> _Provided records_
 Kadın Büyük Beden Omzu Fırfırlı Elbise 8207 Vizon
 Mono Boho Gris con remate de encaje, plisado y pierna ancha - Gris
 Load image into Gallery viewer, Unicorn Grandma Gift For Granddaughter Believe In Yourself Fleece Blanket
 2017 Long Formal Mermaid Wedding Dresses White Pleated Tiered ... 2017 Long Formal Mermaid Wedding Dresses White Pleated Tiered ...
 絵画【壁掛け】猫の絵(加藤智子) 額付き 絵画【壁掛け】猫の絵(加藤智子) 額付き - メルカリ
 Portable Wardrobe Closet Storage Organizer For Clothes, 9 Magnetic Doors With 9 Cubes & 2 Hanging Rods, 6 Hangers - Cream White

> _Exercise aim_
Word for word, please print every line from the beginning of the records to the line bearing "絵画【壁掛け】猫の絵(加藤智子) 額付き 絵画【壁掛け】猫の絵(加藤智子)", counting both ends and stopping there.

> _Result_
 Kadın Büyük Beden Omzu Fırfırlı Elbise 8207 Vizon
 Mono Boho Gris con remate de encaje, plisado y pierna ancha - Gris
 Load image into Gallery viewer, Unicorn Grandma Gift For Granddaughter Believe In Yourself Fleece Blanket
 2017 Long Formal Mermaid Wedding Dresses White Pleated Tiered ... 2017 Long Formal Mermaid Wedding Dresses White Pleated Tiered ...
 絵画【壁掛け】猫の絵(加藤智子) 額付き 絵画【壁掛け】猫の絵(加藤智子) 額付き - メルカリ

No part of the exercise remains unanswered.